PKM Gallery will offer an artist lecture by Cody Choi(b.1961) at his studio. There will be a meet and greet session, a lecture on his NFT artworks and theory, and a Q&A session with a short tour of his studio.
Cody Choi, who has consistently been active as a visual artist and cultural theorist since the 1980s, explores the cultural identity and relationship of authority within contemporary society. Choi touches upon topics of cultural maldigestion, third-culture created by the clash of different cultures, the beauty of such hybridism, and simultaneously occurring new social phenomena—all of which Choi experienced as a foreigner in the US. In the late 1990, Cody Choi started to ask questions about the world which merged into the new creation scope which was created by accumulating, expanding, and duplicating databases in the digital space.
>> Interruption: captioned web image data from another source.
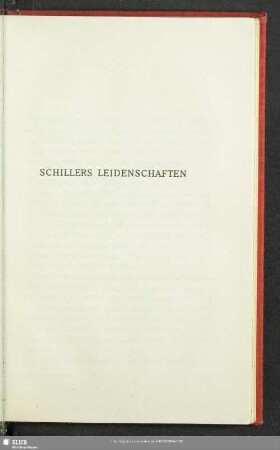 Schillers Leidenschaften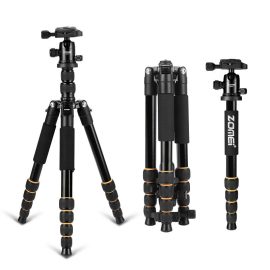 Coupon ZOMEI Q666 Lightweight Portable Professional Travel Camera Tripod Monopod Aluminum Ball Head Compact for Digital SLR DSLR Camera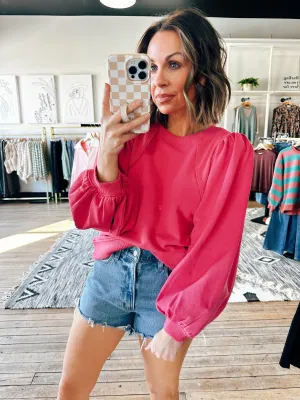 Fuchsia Puff Sleeve Sweatshirt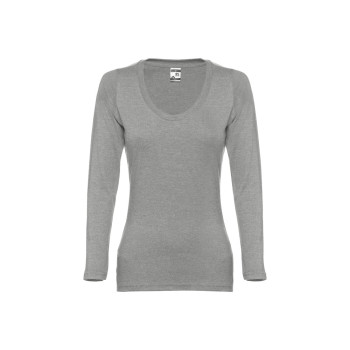 Bucharest Women's Long-Sleeved Scoop Neck Fitted T-shirt Cotton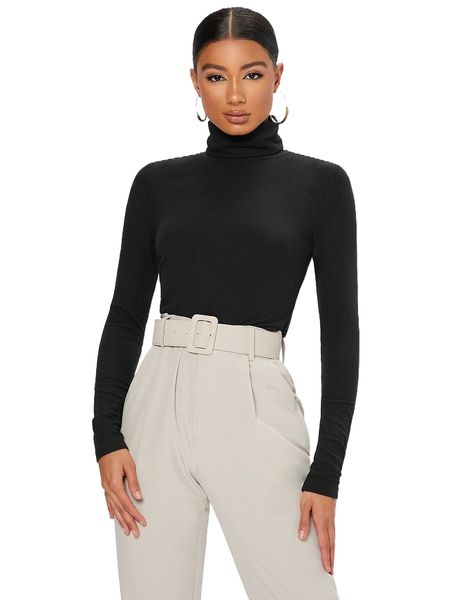 

tall solid rib knit high neck t-shirt a9uc#, White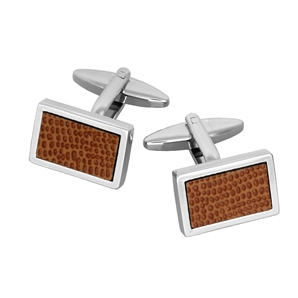 Savile Row Brown Snakeskin/Silver Cufflink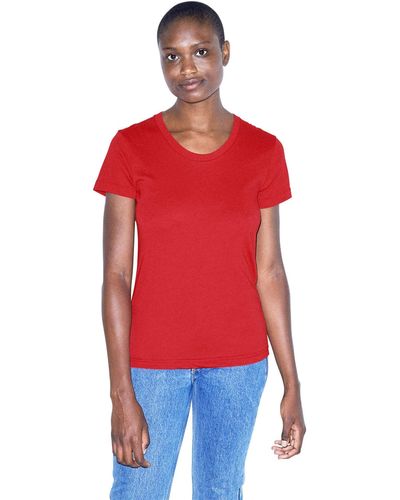 American Apparel 50/50 Classic Crewneck Short Sleeve T-shirt - Red
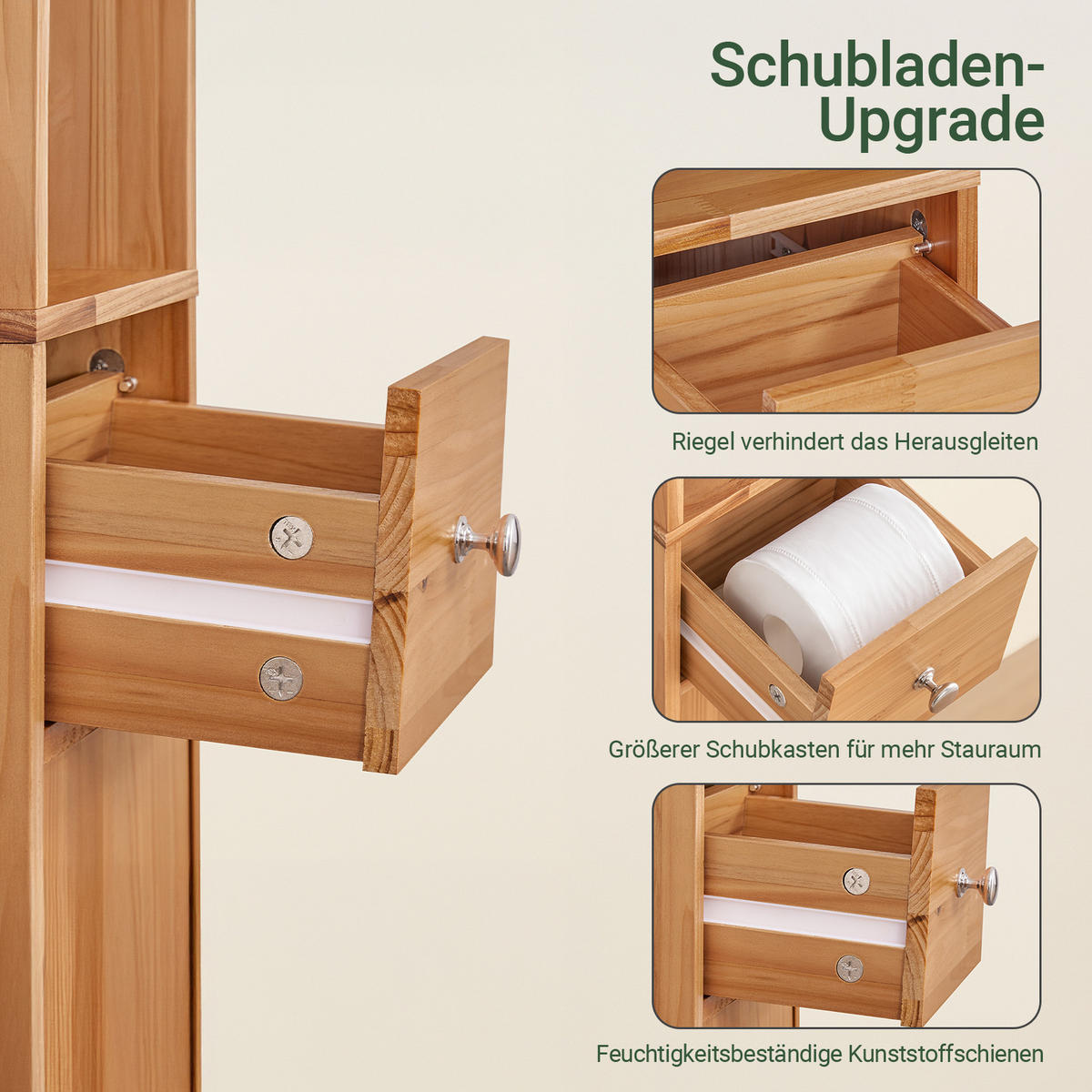 HOCHSCHRANK schmal Natur - Braun, Holz (20/180/20cm) - SoBuy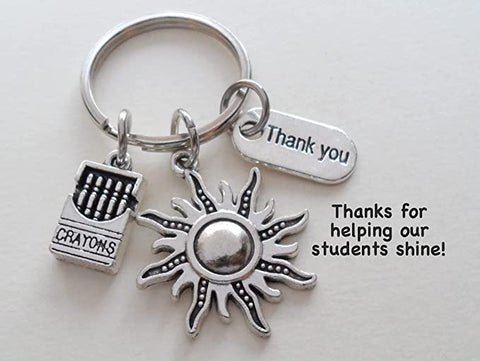 Sun Keychain with Crayons & Thank You Tag, Teacher or School Volunteer Appreciation - Thanks for Helping Our Students Shine by Jewelry Everyday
In his works, paintings based on a database mean a new painting structure that clings to a computer database and is free from the artist’s own imagination. Elements of digital creation are neither original nor related to an individual’s imagination; they are purely provided by the database. Choi’s early series; ‘Database Painting(1999-2000)’ show those outputs of behavioral practices as ‘Digital Culture Creation,’ and give audiences room to consider the meaning of new modern NFT art and its originality.
Choi gained his stature as a world-renowned artist after participating in a solo exhibition at Deitch Projects (New York, USA) and an inaugural group exhibition at the Musée d’Art Contemporain de Marseille (Marseille, France) in the mid-1990s. From 2015 to 2017 he had a retrospective traveling show at Kunsthalle Düsseldorf (Düsseldorf, Germany), Musée d’Art Contemporain de Marseille (Marseille, France), Kunstsammlungen Chemnitz (Chemnitz, Germany) organized by art-historian John C. Welchman. Choi was a representing artist at the Korean Pavilion for the 2017 Venice Biennale.
His publication includes Topography of 20th Century Culture (2006) and Topography of Contemporary Culture (2010), which are critiques of contemporary society and culture.